Log Analysis

After normalisation, comes the analysis process. The


Google

analysis process responsability is to extracts, infers or derives other information from the logged data. Since the superservice's logged data is in a standard format, the analysers are generic in the sense that they can operate for all the superservice's supported log formats, if the product's was clever enough to log the information required by the analyser. The analysis process is shown in the Figure 1.3 figure.

Figure 1.3. The Log Analysis Process

Since each analyser can add information to or create a new DLF, each analyser will generate data according to special kind of schemas.

Lire's framework include two kind of analysers. The difference between the two resides in the mapping between the source data and the new data they generate. Extended analysers generate new data for each DLF record whereas derived analysers are used when the new data doesn't have a one-to-one mapping with the source data.

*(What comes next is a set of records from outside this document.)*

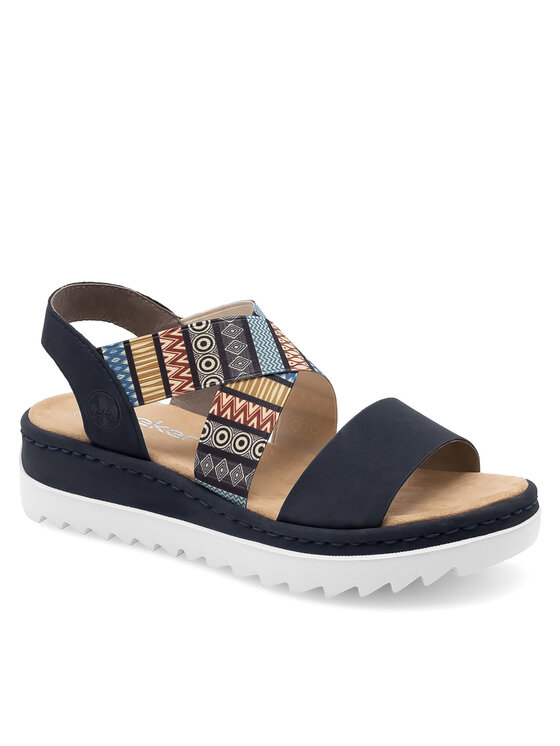 Rieker Rieker Sandale V44G8-14 Tamnoplava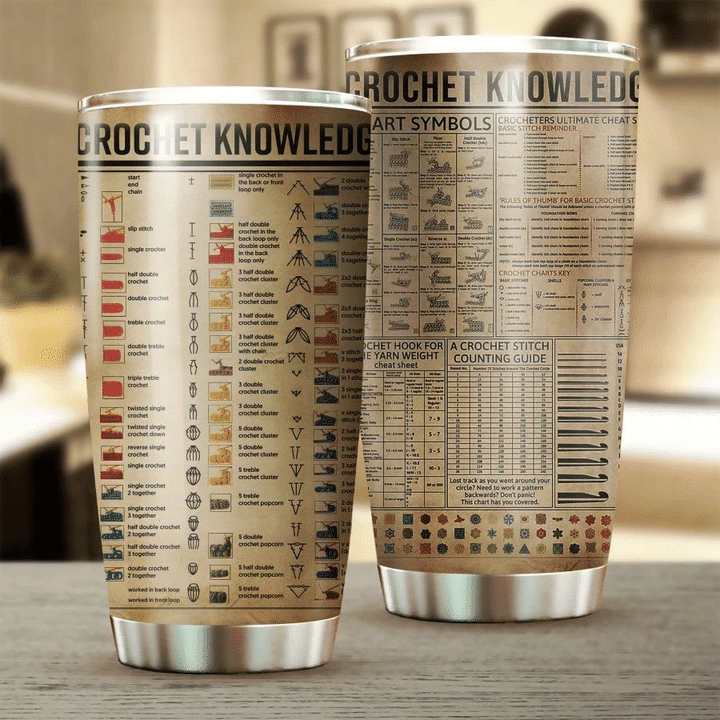 Crochet Knowledge Stainless Steel Tumbler 20 Oz NMT020316-Tumbler-NM-Vibe Cosy™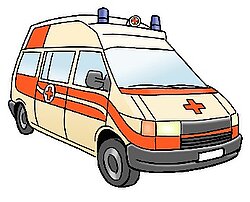 Ein Krankenwagen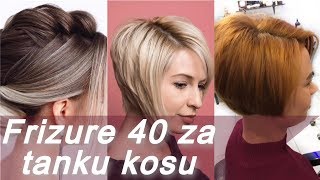 Frizure 🎀 40 za tanku kosu  Najnovije frizure [upl. by Alphonsine]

The analysers produce data according to a data model which is specified in other DLF schemas. There are extended schemas and derived schemas. An extended schema simply adds new fields to the base superservice's schema. For example, in the web superservice's schema, a lot of information can be obtained from the referer field. From this information, it is possible to guess the user's browser, language or operating system. Those fields are specified in the www-referer extended schema; one analyser is responsible for extracting this information from the referer field.

But sometimes the analysis cannot just simply add information to each event record, an altogether different schema is needed then. For those cases, there is the derived schema. An example of the use of such a schema in the current Lire distribution is the analyser which creates user sessions based on the logged client IP address and user agent. This analyser defines the www-session derived schema.

Analysers are simple perl modules that receive the base superservice's DLF records and output DLF records in the extended or derived schema. The architecture supports cascading of schemas; this feature isn't used anywhere now.